Typeface’s new Signal Report: Retail Edition finds that 83% of retail teams have adopted AI tools, yet campaign speed and scale remain persistent bottlenecks.
Every leader surveyed said content needs are growing faster than teams’ ability to keep up. Still, the problem isn’t the technology itself. Many AI tools are deployed individually, which leads to fragmented workflows. Marketing teams have the capability, but not the organisation to deploy it systematically. AI, it seems, is only as fast as the processes it’s plugged into.
Inconsistencies across Organisation Levels
Personalisation is one area where AI shows real promise. Whether it’s tailored content or predicting interests, AI contributes to more unique experiences and, ultimately, higher customer satisfaction.

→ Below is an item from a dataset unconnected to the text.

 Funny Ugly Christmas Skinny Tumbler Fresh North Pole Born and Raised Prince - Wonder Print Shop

Around 65% of marketers report tailoring content at the segment level, creating campaigns that feel relevant to different audiences. But even here, success is inconsistent. Seventy-two percent say AI is used primarily at the individual level, leaving broader collaborative benefits largely untapped. Many teams are still piloting AI agents, and 76% have not yet scaled their automation across the organisation.
Time is the biggest challenge for marketing teams, since multi-channel campaigns take three to four weeks to launch for most teams, despite 86% of leaders aiming for two weeks or less. Marketing departments are under pressure to move faster, but fragmented processes and isolated AI tools slow them down. On top of that, tight budgets are another challenge: 96% of leaders report at least some difficulty justifying spend internally, and 26% describe this as a major struggle.

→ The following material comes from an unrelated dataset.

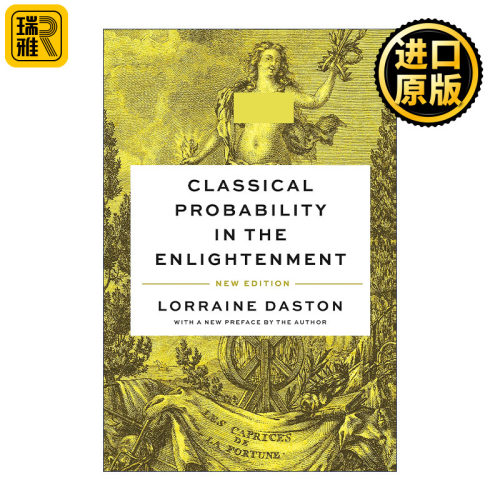 Classical Probability in the Enlightenment 启蒙运动中的经典概率 新版 数学历史 Lorraine Daston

All You Need Is Efficiency
More than half of respondents have reduced reliance on external agencies thanks to AI, and 70% believe full automation could eliminate most agency spend. Yet trimming costs doesn’t automatically speed campaigns. Organisational barriers like disconnected teams, siloed workflows, and unclear processes are still holding back true efficiency.

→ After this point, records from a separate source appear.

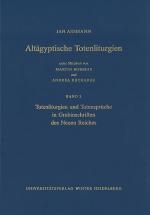 Cover-Bild Altägyptische Totenliturgien / Totenliturgien und Totensprüche in Grabinschriften des Neuen Reiches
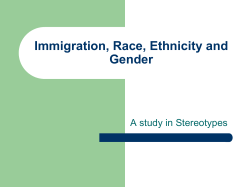 Immigration, Race, Ethnicity and Gender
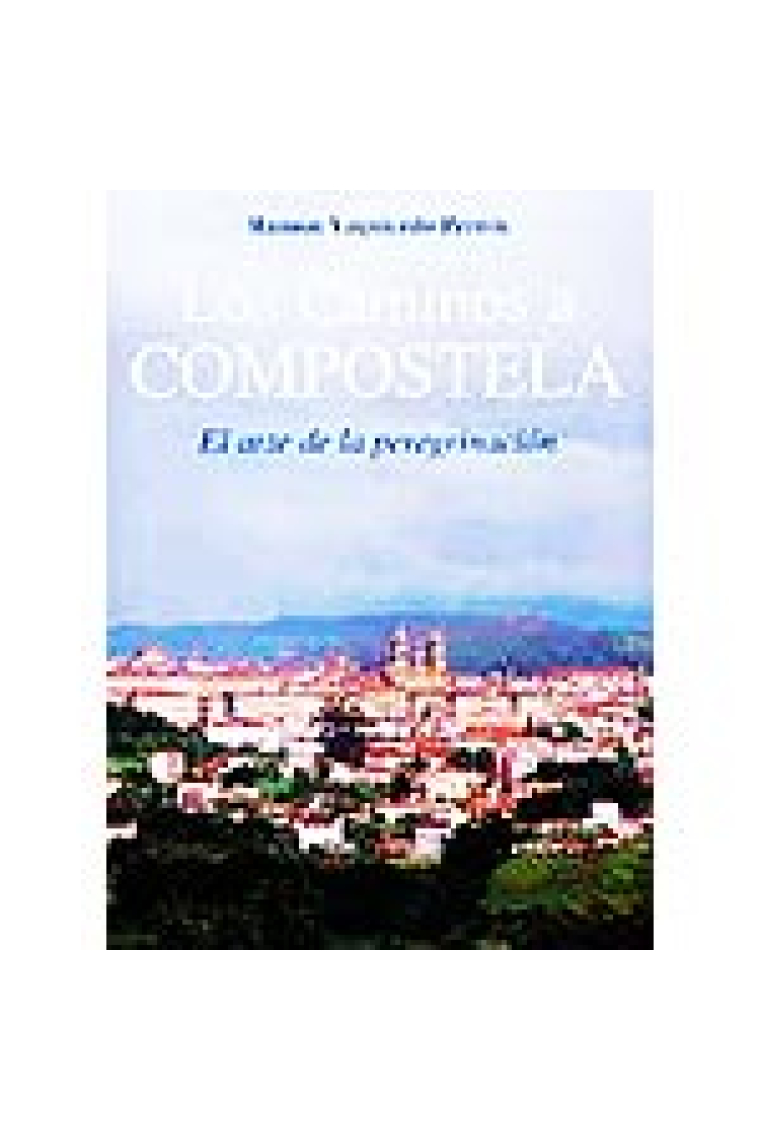 Los caminos a Compostela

According to the report, retailers can achieve meaningful personalisation and efficiency gains, but only when systems, processes, and people are aligned. Until then, campaigns remain slow, fragmented, and far from real-time.
“When AI is used in silos, you get faster outputs, not better outcomes. The real unlock for retailers comes when AI becomes invisible — embedded into the way teams plan, create, and collaborate. That’s where speed and creativity finally meet at scale,” said Jason Ing, Chief Marketing Officer at Typeface.